Dans la collection d’un peintre à ses heures
Michel Georges-Michel est le nom de plume de Michel Georges Dreyfus (1883-1985), auteur, journaliste et peintre à ses heures (le Musée d’art moderne de Paris conserve certains de ses tableaux). Fondateur du prix de Rome pour les poètes, ce chroniqueur de l’école de Paris est proche des artistes de l’entre-deux-guerres. En 1929, il dédie aux « Montparnos », ainsi qu’il baptise les créateurs de Montparnasse, un livre du même nom, dont l’un des protagonistes n’est autre que… Modigliani. Parmi les œuvres volées par les Allemands à son domicile, rue Clément-Marot dans le 8e, se trouvent son portrait par Picasso ainsi que par Matisse, mais aussi un grand Chirico, un Dufy, deux Kees Van Dongen… Mais curieusement, dans la liste « approximative », selon ses propres termes, qu’il adresse en 1945 aux autorités de la Commission de récupération artistique, Michel Georges-Michel, de retour des États-Unis, ne réclame pas Tête de femme. Comment se fait-il, dans ce cas, que le tableau soit aujourd’hui restitué à ses ayants droit ? « Il est très courant que les victimes ne fournissent pas une liste intégrale des biens qui leur ont été volés, surtout quand tout ou l’essentiel de leur appartement a été vidé, ce qui est le cas ici, affirme David Zivie, responsable de la Mission de recherche et de restitution des biens culturels spoliés entre 1933 et 1945 au ministère de la Culture. D’autre part, le tableau est inventorié et photographié par le service allemand de spoliation ERR
Sur la base de données ERR Project, créée et dirigée par l’historien américain Marc Masurovsky, ce tableau attribué à Modigliani est indiqué comme relevant de la collection de Michel Georges-Michel, mais sa légende mentionne aussi le nom d’une certaine Madame Castel, assorti d’un point d’interrogation. On peut supposer qu’il s’agit de Jeanne Castel (1888-1969), galeriste à Paris dès les années 1930. Celle-ci arrive de l’Aveyron avec Juliette Lacaze, qui va épouser Paul Guillaume, marchand d’art parisien incontournable auprès duquel Jeanne Castel officie d’abord comme secrétaire. On sait, d’après la correspondance de Michel Georges-Michel, que des liens étroits unissent ce dernier à Paul Guillaume, à son épouse (qui prendra par la suite le prénom de Domenica), et donc également à Jeanne Castel. « Cette question a bien sûr été étudiée, assure cependant David Zivie. Aujourd’hui, et depuis quelque temps, la fiche ERR Project ne fait plus apparaître le nom de Mme Castel. »

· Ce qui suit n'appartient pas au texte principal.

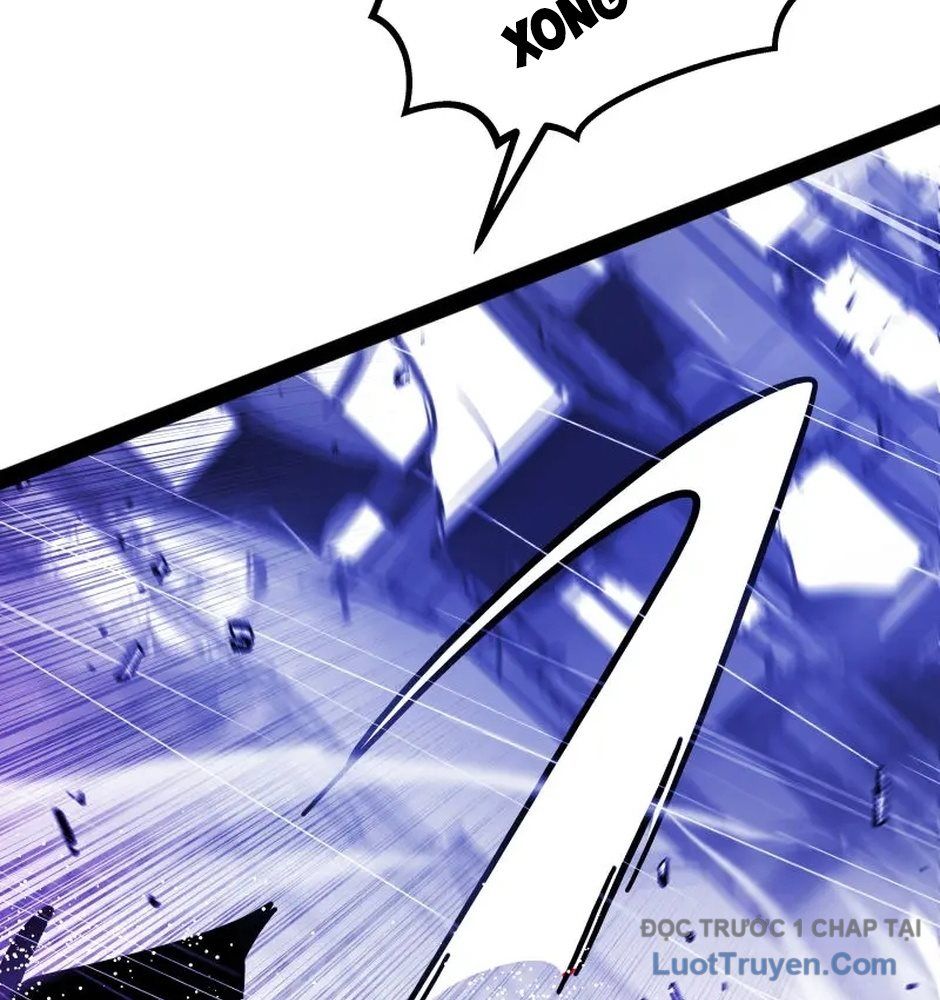 Sống Còn Chapter 20 - 25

Une attribution peu claire
Admettons que le tableau ait appartenu à Michel Georges-Michel. Se pourrait-il que ce portrait féminin typique du style de Modigliani soit un exercice d’admiration « à la manière de » ? Le Musée Sprengel, pour sa part, ne tranche pas. « L’attribution de l’œuvre n’est pas claire, admet toutefois Reinhard Spieler, le directeur du musée. Elle a été acquise par la Ville de Hanovre en 1949 comme étant de Modigliani. Cependant, nous n’avons aucune connaissance de sa provenance. Elle n’est pas incluse dans le premier catalogue raisonné publié en 1929. Et elle n’était pas non plus incluse dans la deuxième édition du catalogue raisonné, en 1956. Cela peut étonner et soulever de sérieuses questions, car l’œuvre a été mise en avant comme un Modigliani à la Documenta de Cassel de 1955. Les auteurs du catalogue raisonné auraient dû la remarquer, ils ne l’ont pourtant pas incluse. Dans les années 1960, des restaurateurs italiens ont remis en question l’attribution de Modigliani pour cette œuvre et l’ont qualifiée de faux. Au Musée Sprengel, on a toujours cru que l’œuvre n’était pas authentique et elle n’a été montrée qu’une seule fois dans une exposition intitulée “Fake News”, parmi des œuvres non authentiques de notre collection. D’autre part, nous devons admettre qu’il n’y a aucune preuve d’un faux ; l’argumentation était basée “seulement” sur l’analyse de style. »
Pour l’heure, cette Tête de femme devrait être exposée quelque temps au Musée Sprengel face à une installation de Raphaël Denis. En attendant de revenir en France pour y vivre de nouvelles aventures, dont les enjeux financiers ne sont pas minces.